_Task directions_: From the entries that follow, reproduce exactly and only the lines from the line with "The 50-period simple" to the line with "To do this, they're", endpoints included.

(Items from a dataset)

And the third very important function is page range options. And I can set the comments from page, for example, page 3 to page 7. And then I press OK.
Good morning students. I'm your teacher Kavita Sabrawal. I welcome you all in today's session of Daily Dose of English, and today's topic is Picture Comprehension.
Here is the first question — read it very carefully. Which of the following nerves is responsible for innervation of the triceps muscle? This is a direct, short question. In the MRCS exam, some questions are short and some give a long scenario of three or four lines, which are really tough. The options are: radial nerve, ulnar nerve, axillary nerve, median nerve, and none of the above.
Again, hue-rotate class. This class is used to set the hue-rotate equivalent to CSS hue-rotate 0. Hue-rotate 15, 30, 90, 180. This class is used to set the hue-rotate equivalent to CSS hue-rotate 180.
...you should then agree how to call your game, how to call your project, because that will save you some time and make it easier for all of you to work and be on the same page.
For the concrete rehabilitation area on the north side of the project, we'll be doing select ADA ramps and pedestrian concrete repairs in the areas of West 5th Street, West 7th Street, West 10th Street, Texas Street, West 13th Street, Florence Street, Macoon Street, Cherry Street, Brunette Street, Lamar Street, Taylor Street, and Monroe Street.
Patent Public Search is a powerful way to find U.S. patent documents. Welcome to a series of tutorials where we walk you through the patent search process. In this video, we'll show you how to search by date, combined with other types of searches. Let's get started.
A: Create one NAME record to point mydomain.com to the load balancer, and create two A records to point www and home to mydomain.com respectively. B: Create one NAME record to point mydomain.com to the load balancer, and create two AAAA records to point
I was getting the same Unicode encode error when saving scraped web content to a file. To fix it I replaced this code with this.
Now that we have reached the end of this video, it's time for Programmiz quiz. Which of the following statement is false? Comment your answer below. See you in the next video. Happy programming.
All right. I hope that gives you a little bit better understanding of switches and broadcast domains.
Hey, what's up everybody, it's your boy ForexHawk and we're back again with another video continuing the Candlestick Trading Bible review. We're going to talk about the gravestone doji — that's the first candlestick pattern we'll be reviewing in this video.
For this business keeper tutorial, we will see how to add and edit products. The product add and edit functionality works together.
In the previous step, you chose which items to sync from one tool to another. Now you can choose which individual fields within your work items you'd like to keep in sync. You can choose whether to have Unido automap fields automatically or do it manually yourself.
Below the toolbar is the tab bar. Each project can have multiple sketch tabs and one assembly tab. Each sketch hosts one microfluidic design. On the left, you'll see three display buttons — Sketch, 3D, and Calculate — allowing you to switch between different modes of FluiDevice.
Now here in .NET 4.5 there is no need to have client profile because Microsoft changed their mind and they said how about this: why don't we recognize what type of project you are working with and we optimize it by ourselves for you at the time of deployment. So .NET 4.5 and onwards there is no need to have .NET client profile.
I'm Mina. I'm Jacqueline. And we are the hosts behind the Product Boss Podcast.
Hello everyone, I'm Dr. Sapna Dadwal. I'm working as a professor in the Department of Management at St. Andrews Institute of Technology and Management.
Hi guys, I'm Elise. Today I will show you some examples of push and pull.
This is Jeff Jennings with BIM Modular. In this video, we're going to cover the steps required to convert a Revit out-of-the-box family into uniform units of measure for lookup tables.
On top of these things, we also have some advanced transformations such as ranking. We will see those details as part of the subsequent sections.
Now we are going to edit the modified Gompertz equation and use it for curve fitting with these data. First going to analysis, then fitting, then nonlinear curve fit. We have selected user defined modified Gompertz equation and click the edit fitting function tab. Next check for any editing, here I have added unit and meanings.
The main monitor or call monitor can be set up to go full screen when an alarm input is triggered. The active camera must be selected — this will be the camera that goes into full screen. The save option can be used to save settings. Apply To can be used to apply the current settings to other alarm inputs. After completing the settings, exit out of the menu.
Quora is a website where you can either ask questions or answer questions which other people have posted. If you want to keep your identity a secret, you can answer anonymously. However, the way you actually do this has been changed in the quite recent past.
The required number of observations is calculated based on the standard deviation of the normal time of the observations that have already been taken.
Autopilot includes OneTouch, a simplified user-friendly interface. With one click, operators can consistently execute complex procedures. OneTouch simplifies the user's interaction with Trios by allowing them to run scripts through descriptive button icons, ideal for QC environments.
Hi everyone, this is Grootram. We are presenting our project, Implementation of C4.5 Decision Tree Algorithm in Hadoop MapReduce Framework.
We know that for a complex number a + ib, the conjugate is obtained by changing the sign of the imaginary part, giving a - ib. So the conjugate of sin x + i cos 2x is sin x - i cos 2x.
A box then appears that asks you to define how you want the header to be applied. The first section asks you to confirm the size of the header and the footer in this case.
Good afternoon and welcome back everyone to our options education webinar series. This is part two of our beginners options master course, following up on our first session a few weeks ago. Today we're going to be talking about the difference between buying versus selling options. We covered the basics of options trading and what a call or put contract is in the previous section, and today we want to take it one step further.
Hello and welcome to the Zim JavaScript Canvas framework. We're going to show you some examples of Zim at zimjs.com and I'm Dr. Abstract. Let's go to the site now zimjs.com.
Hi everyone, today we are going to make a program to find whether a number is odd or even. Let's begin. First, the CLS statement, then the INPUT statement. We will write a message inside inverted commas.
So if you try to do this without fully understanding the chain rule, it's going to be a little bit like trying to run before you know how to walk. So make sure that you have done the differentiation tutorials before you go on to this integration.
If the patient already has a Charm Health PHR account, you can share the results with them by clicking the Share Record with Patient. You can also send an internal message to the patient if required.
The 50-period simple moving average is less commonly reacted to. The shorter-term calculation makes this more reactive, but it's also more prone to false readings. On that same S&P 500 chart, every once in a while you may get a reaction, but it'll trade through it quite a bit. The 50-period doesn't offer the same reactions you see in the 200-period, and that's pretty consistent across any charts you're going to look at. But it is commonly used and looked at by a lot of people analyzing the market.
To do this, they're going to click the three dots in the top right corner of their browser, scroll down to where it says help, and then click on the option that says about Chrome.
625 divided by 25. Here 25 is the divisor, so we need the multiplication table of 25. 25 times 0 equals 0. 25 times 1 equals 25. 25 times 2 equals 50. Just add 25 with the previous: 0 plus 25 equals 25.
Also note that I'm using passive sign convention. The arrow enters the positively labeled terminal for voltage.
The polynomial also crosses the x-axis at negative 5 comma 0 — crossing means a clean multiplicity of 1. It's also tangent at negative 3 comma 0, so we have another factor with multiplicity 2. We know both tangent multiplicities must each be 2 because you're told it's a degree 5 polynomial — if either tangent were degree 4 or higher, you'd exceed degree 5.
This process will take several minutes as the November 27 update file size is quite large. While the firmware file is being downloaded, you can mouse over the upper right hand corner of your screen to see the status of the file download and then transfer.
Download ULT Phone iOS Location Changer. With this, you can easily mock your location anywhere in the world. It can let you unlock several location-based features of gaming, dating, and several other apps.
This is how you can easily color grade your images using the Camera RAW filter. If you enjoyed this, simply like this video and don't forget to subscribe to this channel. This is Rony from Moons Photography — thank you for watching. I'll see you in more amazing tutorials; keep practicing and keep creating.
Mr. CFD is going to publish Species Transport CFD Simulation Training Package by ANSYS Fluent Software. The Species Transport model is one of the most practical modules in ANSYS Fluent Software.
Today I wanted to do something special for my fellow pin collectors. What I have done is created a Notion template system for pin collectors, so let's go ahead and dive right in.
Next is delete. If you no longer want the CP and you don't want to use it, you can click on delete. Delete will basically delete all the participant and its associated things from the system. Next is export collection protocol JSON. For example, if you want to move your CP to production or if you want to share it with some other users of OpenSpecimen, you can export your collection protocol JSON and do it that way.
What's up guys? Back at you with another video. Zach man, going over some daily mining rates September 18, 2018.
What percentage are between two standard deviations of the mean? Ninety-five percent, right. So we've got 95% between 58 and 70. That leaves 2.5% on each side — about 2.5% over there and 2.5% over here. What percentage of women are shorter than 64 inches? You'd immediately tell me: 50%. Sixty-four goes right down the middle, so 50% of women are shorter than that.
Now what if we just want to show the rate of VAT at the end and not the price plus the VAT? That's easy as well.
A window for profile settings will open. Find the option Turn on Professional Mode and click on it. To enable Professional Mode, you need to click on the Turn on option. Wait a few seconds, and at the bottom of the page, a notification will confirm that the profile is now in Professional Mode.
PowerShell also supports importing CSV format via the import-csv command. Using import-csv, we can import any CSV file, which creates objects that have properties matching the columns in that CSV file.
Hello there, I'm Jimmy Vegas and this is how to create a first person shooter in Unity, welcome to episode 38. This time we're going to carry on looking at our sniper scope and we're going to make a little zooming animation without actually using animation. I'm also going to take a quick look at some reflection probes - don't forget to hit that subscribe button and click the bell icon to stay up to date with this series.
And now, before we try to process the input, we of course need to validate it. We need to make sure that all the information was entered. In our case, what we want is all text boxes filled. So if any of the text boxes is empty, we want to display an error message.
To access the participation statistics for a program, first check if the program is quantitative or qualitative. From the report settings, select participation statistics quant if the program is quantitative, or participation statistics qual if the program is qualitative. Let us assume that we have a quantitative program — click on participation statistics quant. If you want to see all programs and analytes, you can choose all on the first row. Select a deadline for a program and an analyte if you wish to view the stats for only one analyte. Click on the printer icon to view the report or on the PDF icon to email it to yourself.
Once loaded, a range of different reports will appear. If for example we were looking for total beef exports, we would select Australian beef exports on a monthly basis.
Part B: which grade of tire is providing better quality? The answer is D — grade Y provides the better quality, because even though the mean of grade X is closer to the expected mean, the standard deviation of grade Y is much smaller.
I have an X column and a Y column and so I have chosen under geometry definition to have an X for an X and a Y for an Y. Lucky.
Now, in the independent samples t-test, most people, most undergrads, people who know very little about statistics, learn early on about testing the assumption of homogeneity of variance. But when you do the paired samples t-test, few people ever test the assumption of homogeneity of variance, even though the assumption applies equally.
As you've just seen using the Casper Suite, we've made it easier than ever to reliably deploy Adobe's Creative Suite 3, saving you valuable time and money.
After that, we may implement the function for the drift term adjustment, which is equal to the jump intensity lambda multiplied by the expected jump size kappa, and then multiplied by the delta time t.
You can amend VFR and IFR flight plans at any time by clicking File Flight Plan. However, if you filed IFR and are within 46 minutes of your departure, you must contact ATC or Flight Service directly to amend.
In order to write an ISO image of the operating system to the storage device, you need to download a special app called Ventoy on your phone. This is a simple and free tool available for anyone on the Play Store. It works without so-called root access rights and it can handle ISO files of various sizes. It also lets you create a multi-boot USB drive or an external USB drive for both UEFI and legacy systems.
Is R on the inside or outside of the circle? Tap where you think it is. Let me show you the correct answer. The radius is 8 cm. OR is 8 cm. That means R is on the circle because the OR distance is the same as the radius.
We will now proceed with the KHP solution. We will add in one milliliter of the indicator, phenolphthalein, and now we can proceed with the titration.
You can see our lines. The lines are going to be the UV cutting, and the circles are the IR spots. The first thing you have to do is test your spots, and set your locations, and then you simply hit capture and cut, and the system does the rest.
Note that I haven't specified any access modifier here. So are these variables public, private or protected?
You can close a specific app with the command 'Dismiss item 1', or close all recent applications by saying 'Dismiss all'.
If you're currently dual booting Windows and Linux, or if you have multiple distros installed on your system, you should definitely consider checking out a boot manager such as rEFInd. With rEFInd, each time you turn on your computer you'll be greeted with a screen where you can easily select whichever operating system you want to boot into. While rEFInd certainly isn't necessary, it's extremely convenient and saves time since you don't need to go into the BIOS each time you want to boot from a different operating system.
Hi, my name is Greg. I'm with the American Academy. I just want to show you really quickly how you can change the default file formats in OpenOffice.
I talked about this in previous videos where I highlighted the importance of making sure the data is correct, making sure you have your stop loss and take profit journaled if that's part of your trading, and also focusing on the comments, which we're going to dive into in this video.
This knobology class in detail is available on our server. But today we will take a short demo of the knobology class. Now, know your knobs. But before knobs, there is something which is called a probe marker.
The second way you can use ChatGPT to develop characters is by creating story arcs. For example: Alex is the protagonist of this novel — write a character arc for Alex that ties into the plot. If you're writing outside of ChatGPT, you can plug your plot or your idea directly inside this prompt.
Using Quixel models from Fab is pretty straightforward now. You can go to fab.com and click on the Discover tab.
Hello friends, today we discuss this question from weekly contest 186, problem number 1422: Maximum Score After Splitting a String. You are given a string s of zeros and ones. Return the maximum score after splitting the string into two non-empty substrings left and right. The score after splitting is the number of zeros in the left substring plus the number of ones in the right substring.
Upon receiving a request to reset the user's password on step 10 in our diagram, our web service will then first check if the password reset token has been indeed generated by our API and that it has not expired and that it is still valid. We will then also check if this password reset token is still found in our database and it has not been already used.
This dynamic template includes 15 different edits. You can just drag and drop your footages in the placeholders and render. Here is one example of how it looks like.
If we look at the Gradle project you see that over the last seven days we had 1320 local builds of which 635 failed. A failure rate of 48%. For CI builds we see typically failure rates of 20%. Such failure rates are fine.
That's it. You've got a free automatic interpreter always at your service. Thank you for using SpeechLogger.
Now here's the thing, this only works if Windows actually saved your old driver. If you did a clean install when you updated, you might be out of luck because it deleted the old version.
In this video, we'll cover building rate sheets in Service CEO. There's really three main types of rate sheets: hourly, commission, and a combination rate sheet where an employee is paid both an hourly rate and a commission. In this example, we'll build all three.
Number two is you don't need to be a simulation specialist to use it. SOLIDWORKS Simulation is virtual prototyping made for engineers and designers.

_Task answer_:
The 50-period simple moving average is less commonly reacted to. The shorter-term calculation makes this more reactive, but it's also more prone to false readings. On that same S&P 500 chart, every once in a while you may get a reaction, but it'll trade through it quite a bit. The 50-period doesn't offer the same reactions you see in the 200-period, and that's pretty consistent across any charts you're going to look at. But it is commonly used and looked at by a lot of people analyzing the market.
To do this, they're going to click the three dots in the top right corner of their browser, scroll down to where it says help, and then click on the option that says about Chrome.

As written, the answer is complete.